Irritiert zog Mei ihre Augenbrauen zusammen. »Die Beeren sind wenigstens etwas. Ich habe doch selbst gesehen, wie manche Schatten davon genascht haben. Dai scheint sie auch zu lieben. Auch wenn sie kaum etwas bringen sollten, bin ich mir sicher, dass sie zumindest ein wenig helfen könnten.« Mei hielt Shumizu eine Beere vor die Lippen.

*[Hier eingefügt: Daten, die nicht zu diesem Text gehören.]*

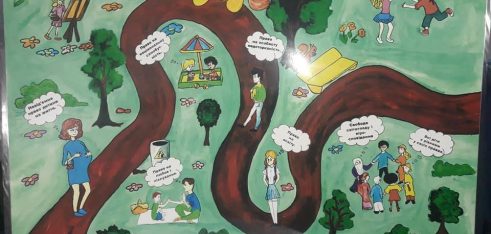 Пазли “Про права людини” створено в Довгинцівському районі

Seit Shumizu die Wächterin kennengelernt hatte, gab es keinen Moment, in dem er so viel Besorgnis in ihren rubinroten Augen gesehen hatte wie jetzt. Da war sonst nur Platz für Hass und Abscheu gewesen. Wieso der plötzliche Umschwung? Was hatte Mei dazu verleitet, ihm plötzlich helfen zu wollen? Selbst den Nachtdrachen hatte sie mitgenommen, obwohl das Wesen ein Yingzi war.
»Wieso hilfst du mir?«, fragte Shumizu heiser und versuchte, sich so weit aufzurichten, dass er Mei besser sehen konnte. Die Wächterin setzte sich neben ihn, konnte es jedoch nicht lassen, ihm eine Beere in die Hand zu drücken. Dankend schenkte Shumizu ihr ein Lächeln und aß ihr zuliebe die Beere, auch wenn sie für ihn nichts weiter war als ein Genussmittel.
»Ich habe dir das doch schon einmal erzählt. Weil ich herausfinden will, wer oder was du bist. Du hättest mir das sicherlich längst erzählt, wäre das kein großes Geheimnis. Also muss ich es wohl selbst in die Hand nehmen. Danach kann ich immer noch entscheiden, ob ich dich am Leben lasse oder dir den Todesstoß verpasse«, antwortete Mei, doch Shumizu schüttelte den Kopf.
»Das kann nicht deine einzige Motivation sein. Du hast den Nachtdrachen mitgenommen, anstatt ihn zu töten, obwohl du die Yingzis doch so sehr verabscheust. Du hast ihm sogar einen Namen gegeben. Da muss mehr hinter stecken.«
Mei starrte stumm auf den plätschernden Fluss, an dem ihr Baohu mit Dai friedlich hockte, als wären sie alte Freunde. »Nicht einmal dein Baohu versucht, Dai zu töten«, fügte der Schatten hinzu. Mei antwortete noch immer nicht. Sie schien verunsichert, nicht wissend, was sie darauf erwidern sollte. Shumizu würde geduldig auf eine Antwort warten.
»Ich habe euch Schatten nie gehasst«, murmelte Mei nach einer Weile leise. Ein Blatt schwebte zu Boden und landete auf Shumizus Schoß.